Blogging Lesson Learned: Be Consistent
A little bit every day is better than a LOT on only one day. This may seem like a no-brainer to you, but it’s not something that I mastered. In fact, since I work part-time, my Mondays are my “GSD” days – GET STUFF DONE. Over the weekends, I would sit for two hours until my butt was numb, scheduling Pinterest content for the month. I’d pound out three posts, make graphics, post them to Pinterest, and then I would let everything sit for two weeks, until I simply repeated the process.
I don’t know about you, but that is just no way to run a business – and yes, a blog IS a business – expecting to see results. Here’s the thing: the old adage asks:
Q: How do you eat an elephant?
A: One bite at a time
A business can be seen as an elephant. It’s HUGE. It’s important to remember that small, consistent steps are going to help the most in the long term. I do my best to batch content as much as I can, but the one thing that is different when I am blogging at my best is that I am doing daily blogging tasks, no matter if they are big or small.
I talked about consistency just a bit in my Pinterest post – I went from only 10,000 views on Pinterest a month to 1.2 million views (and counting!) HERE.
Blogging Lesson Learned: SEO is Important
Take time to learn some SEO. SEO, or Search Engine Optimization, is how you get found by Google. That’s a simplistic description, because the entire process can be a bit more complicated than that, but a little bit of SEO can go a long way in helping you get found via Google – and then, by your ideal reader and client, which leads to higher conversions, higher income, and you just win.

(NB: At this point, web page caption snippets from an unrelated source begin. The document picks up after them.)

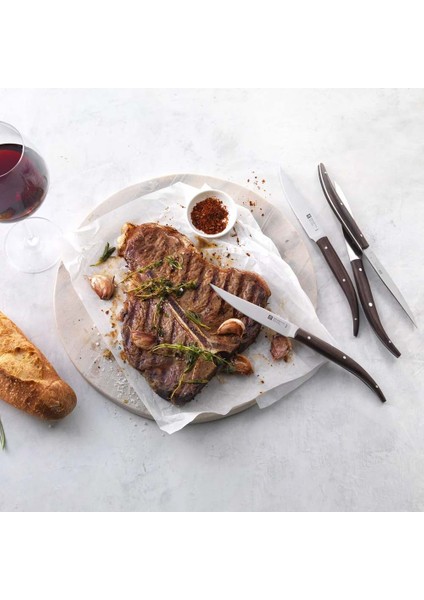 Steak Biftek Bıçağı Seti 4 Parça Dark Oad Wood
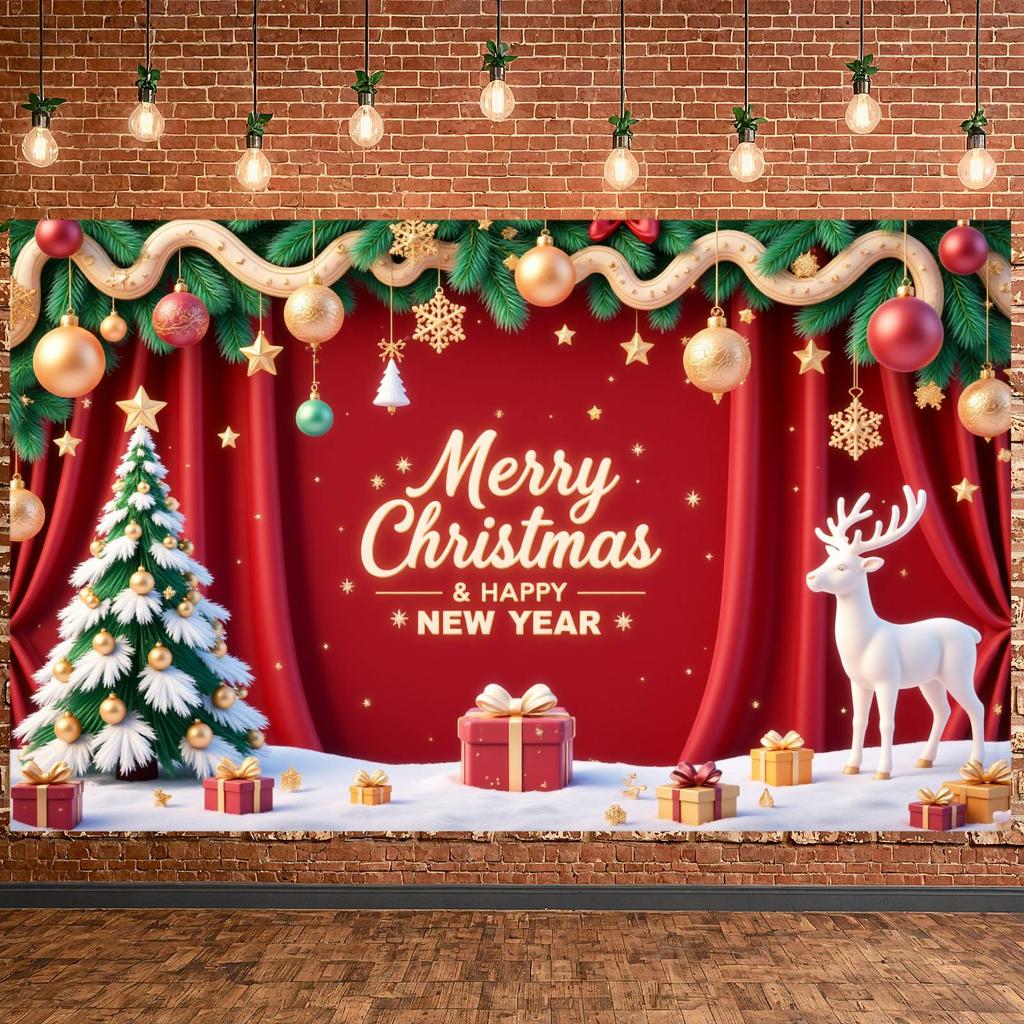 Neujahrsdekoration Goldene Sterne Festliches Banner Frohes Neues Jahr Hintergrund Schneeflocken Winterdekoration Für Heimdeko Weihnachtsfeier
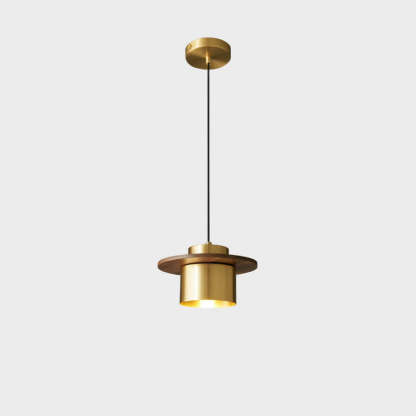 Nordic Luxury Walnut Brass Column Pendant Light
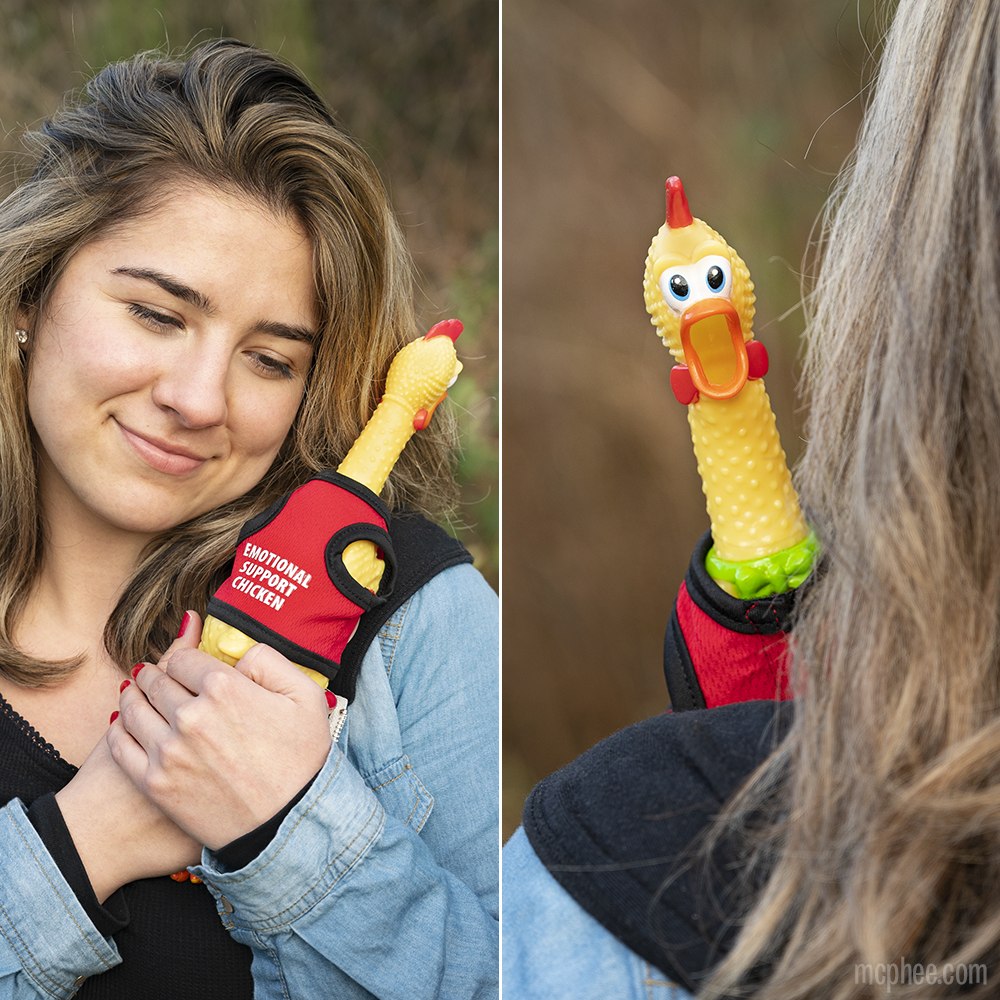 Emotional Support Squeaking Rubber Chicken – Stress Relief with Hilarious Squawk 🐔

Best part is, SEO is not rocket science. It’s relatively easy to take steps to optimize your content to be found on Google. Free plugins for WordPress, such as Yoast, help you to create end-user friendly pages, optimized with keywords.
Blogging Lesson Learned: Invest In Your Own Knowledge
As with pretty much anything, you’ll only get as far as you push yourself in blogging. When you invest in yourself, with both time and resources, you WILL experience a return in that investment. It may be a slow climb, but after educating yourself, you will be surprised at the fountain of knowledge that comes from your mouth when others ask questions.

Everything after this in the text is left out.